These banana bread bars have all the classic banana bread flavor you love, in a super-easy, sheet cake format – topped off with luscious browned butter icing.
Preheat oven to 350 degrees Fahrenheit. Line a 9x13-inch baking dish with parchment paper.
Place the ripe bananas in a large bowl and mash them completely with a fork.
Add in the sour cream, softened butter, eggs, and vanilla, and whisk together until completely combined. Add the sugar and mix until just incorporated.
Sift in the flour, baking soda, and salt into the bowl of wet ingredients. Fold the dry ingredients into the wet ingredients until combined, then stir in the chopped walnuts so they are evenly distributed.
Pour the banana bread batter into the prepared baking dish and bake for 25 to 30 minutes, or until the top has evenly browned and a toothpick inserted in the middle comes out clean.
Glaze Directions:
Add the butter to a medium saucepan over medium heat. Let the butter cook and melt down, stirring occasionally to prevent scorching. When the butter starts to brown and smell nutty, remove the pan from heat.

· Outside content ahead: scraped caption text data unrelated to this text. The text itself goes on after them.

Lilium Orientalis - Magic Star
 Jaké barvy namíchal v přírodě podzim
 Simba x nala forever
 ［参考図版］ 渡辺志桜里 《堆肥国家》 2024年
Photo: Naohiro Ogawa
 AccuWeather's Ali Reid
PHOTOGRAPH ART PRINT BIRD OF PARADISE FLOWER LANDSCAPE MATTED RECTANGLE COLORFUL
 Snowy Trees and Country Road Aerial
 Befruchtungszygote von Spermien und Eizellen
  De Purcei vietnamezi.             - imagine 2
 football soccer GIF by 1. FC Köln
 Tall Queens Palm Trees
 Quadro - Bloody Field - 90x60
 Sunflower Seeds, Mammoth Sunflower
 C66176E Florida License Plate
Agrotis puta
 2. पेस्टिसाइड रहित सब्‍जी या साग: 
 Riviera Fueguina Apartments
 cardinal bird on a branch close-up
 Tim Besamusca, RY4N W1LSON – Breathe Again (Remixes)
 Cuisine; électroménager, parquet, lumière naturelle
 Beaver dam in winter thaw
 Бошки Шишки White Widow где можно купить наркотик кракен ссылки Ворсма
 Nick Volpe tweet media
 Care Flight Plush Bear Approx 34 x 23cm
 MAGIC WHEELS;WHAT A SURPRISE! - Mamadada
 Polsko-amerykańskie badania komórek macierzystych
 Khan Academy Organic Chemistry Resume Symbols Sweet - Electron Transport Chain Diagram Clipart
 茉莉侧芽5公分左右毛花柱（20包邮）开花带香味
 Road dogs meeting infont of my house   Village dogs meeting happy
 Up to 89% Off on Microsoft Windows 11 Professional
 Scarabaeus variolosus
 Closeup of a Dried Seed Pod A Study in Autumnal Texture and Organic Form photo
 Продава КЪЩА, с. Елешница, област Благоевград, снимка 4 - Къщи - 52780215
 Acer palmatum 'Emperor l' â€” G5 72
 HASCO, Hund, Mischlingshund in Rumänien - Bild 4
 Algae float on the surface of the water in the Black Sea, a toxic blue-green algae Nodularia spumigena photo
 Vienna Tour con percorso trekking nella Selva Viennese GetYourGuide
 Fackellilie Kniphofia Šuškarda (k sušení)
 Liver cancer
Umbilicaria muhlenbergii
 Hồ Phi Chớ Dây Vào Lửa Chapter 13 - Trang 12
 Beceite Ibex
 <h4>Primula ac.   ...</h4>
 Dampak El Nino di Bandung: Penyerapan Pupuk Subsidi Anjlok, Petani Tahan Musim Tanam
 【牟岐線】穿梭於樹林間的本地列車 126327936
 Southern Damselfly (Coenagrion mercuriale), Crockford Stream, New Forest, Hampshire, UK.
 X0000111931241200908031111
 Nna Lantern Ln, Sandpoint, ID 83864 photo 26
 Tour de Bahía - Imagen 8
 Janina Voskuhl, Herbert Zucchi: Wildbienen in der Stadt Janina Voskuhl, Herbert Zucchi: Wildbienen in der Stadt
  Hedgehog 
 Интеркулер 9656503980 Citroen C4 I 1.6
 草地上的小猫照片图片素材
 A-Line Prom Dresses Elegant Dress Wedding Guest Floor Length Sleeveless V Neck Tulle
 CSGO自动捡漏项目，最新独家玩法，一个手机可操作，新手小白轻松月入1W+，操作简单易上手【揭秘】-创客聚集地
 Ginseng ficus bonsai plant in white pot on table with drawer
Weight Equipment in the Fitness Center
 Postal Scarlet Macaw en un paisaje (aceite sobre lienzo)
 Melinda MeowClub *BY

Combine the browned butter and powdered sugar in a medium mixing bowl. Whisk together until the powdered sugar soaks up all of the butter. At this point, the mixture will look thick and curdly. This is normal!
Whisk in the milk rapidly, stirring quickly, until you have a smooth glaze.
When the banana bread bars have cooled for at least 15 minutes, gently pull up the ends of the parchment paper to remove them from the pan. Drizzle with glaze and top with chopped pecans.